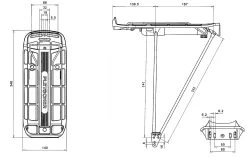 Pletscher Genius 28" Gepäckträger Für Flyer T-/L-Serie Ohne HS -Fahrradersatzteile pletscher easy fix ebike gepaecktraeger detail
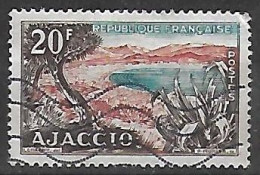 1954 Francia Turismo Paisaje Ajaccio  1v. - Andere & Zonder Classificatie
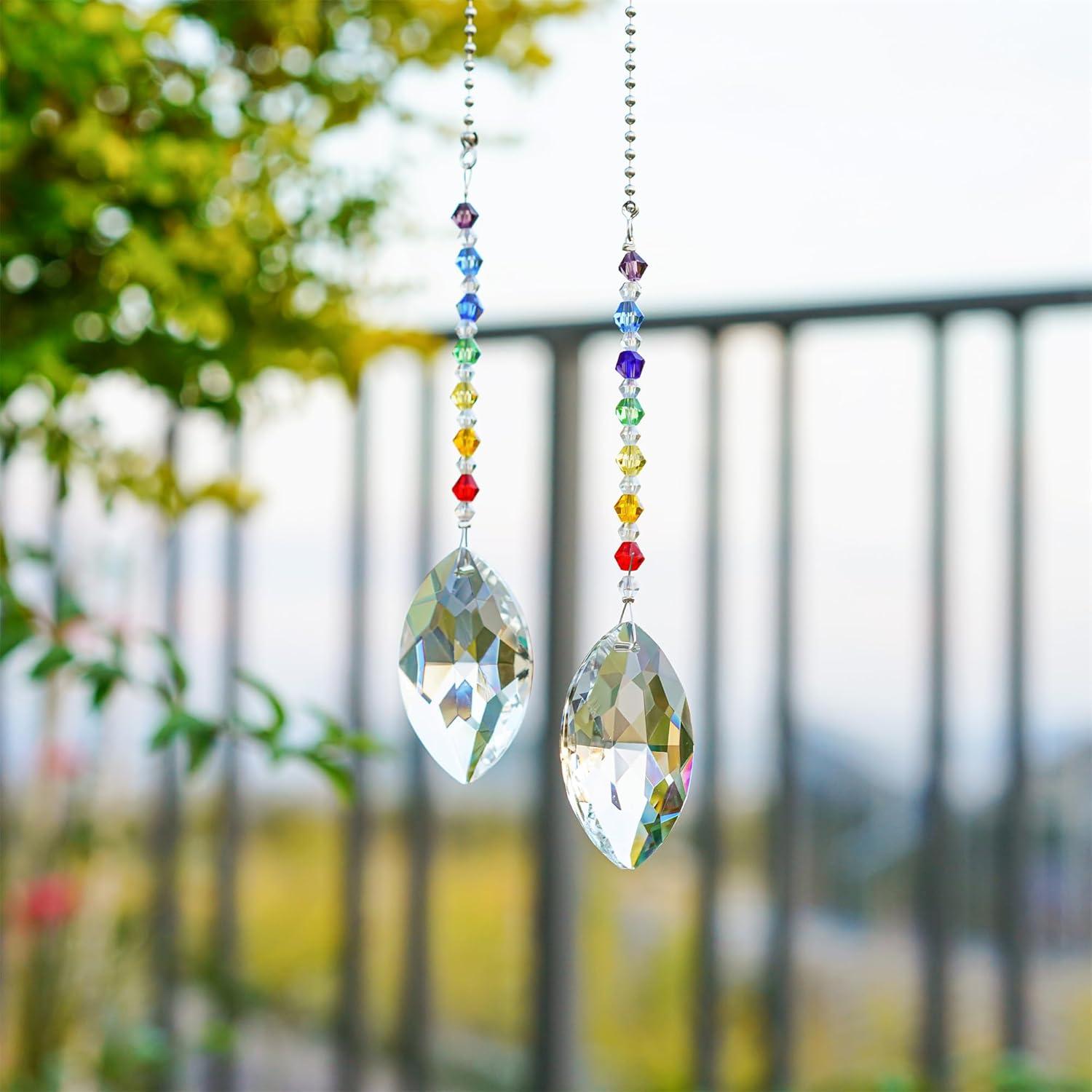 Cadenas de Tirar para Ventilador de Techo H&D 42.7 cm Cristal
-- -- --
> Task objective:
Write the listing out in full, exactly; no images.

> Result of this exercise:
 Pletscher Genius 28" Gepäckträger Für Flyer T-/L-Serie Ohne HS -Fahrradersatzteile pletscher easy fix ebike gepaecktraeger detail
 1954 Francia Turismo Paisaje Ajaccio  1v. - Andere & Zonder Classificatie
 Cadenas de Tirar para Ventilador de Techo H&D 42.7 cm Cristal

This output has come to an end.